Almanya’da hakkınızı ararken zamanaşımı sürelerine dikkat edin!

Almanya’da bir vatandaş avukata gelip „Falan kişiden, falan avukattan veya falan mahkemeden bana bir yazı geldi ve benden şunu istiyor“ deyip bu yazıyı verdiğinde avukatın ilk inceleyeceği konu talep edilen hak ile ilgili zamanaşımının geçirilip geçirilmediğidir.

AVUKAT ŞERİF YILMAZ 17 Mart 2024 YAZARLAR

Zamanaşımının anlamı “Hakkın olsa da artık isteyemezsin veya hakkı vermek zorunda değilim” demektir. Talepte bulunan açısından haklı iken haksız olmak demektir.

Talep edilen hak zamanaşımına uğramış olabilir. İlk olarak incelenmesi ve tespit edilmesi gereken talep edilen bu hakkın kesinleşmiş bir mahkeme kararına dayanıp dayanmadığıdır. Yani sizin birisinden alacağınız var ise ve bunu mahkeme kararı ile güvence altına aldıysanız elbette bu alacağınızı icraya koyabilirsiniz. Bu durumda Alman hukukuna göre alacağınız için 30 senelik bir zamanaşımı söz konusudur.
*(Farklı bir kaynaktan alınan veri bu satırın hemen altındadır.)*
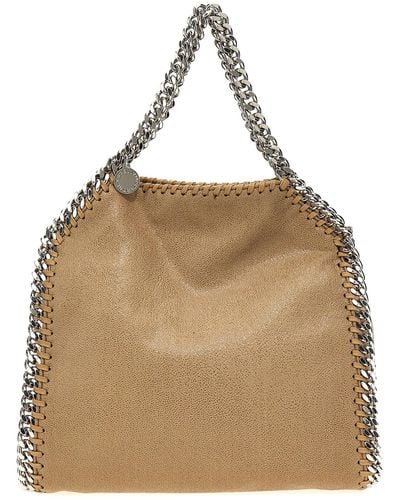 Stella McCartney Mini Falabella Hand Bags - Natural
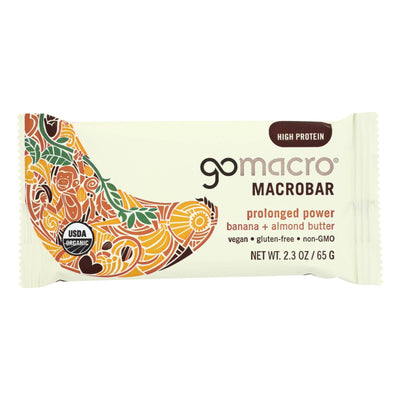 Gomacro Organic Macrobar - Banana And Almond Butter - 2.3 Oz Bars - Case Of 12 | OnlyNaturals.us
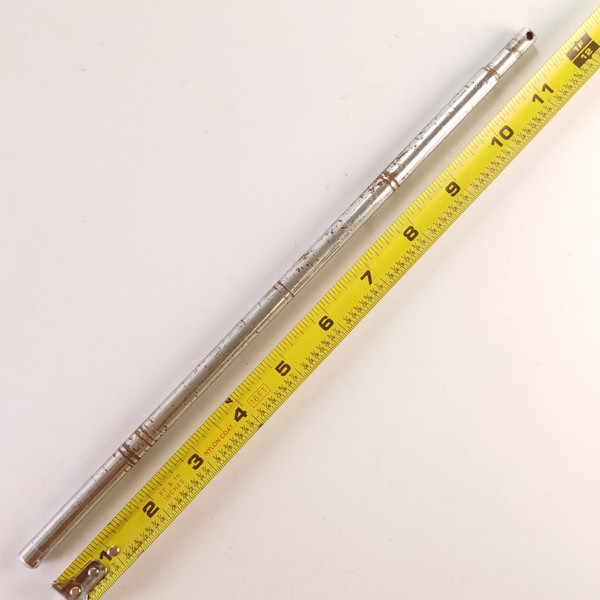 3/8x11 5/8" Straight Disappearing Spur/Cymbal Arm Rod Chrome Stand Part 5/16"top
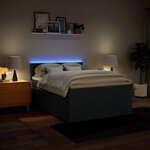 vidaXL Sommier à lattes de lit avec matelas Bleu 160x200 cm Tissu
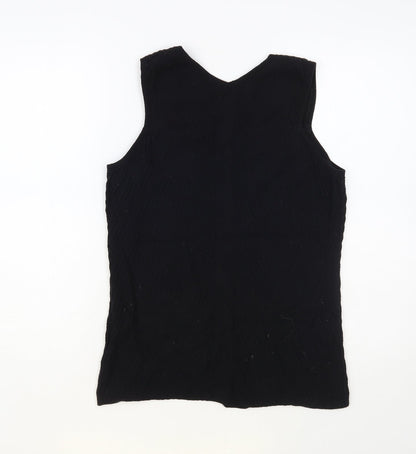Womens UK Size 10 NEXT Black Basic Tank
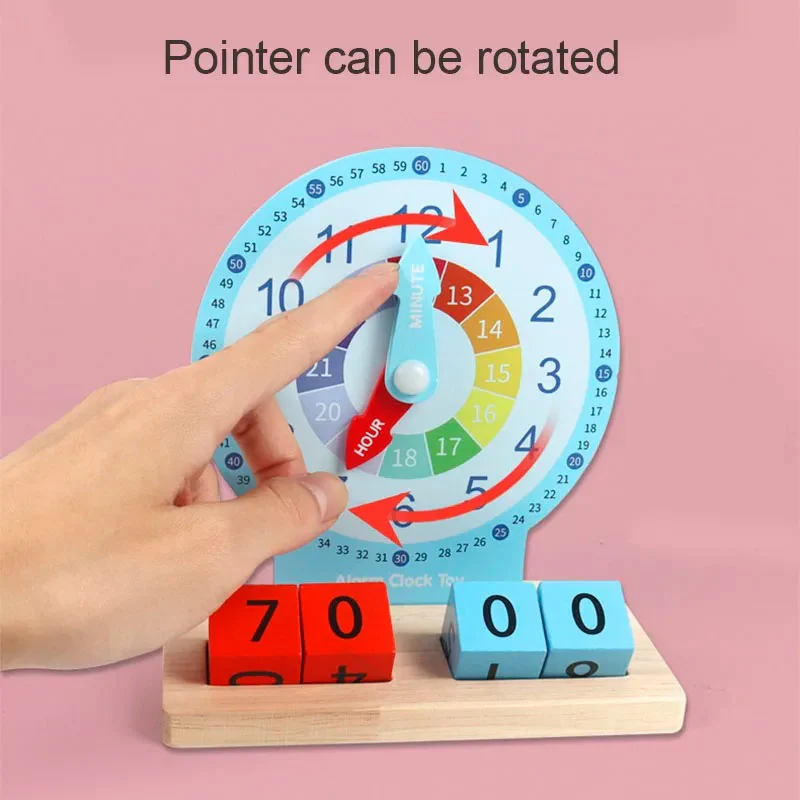 Educational Montessori clock & time learning toy - Image 3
Daha önemli olan ise bir hakkın mahkeme kararına dayanmamış olması halinde zamanaşımı meselesidir.

Örneğin bir arkadaşınıza borç para verdiniz ve vade tarihini bir yıl sonra olarak belirlediniz. Lâkin aradan beş yıl geçmesine rağmen arkadaşınız borcunu ödemedi. Siz de “Artık yeter” diyor ve alacağınızı mahkemeye taşımak istiyorsunuz. İşte burada zamanaşımı itirazı ile karşılaşırsınız ve davanızı kaybedersiniz. Zira bu gibi durumlarda zamanaşımı süresi hakkın doğduğu (burada vadenin dolduğu) yılın sonundan itibaren üç yıldır.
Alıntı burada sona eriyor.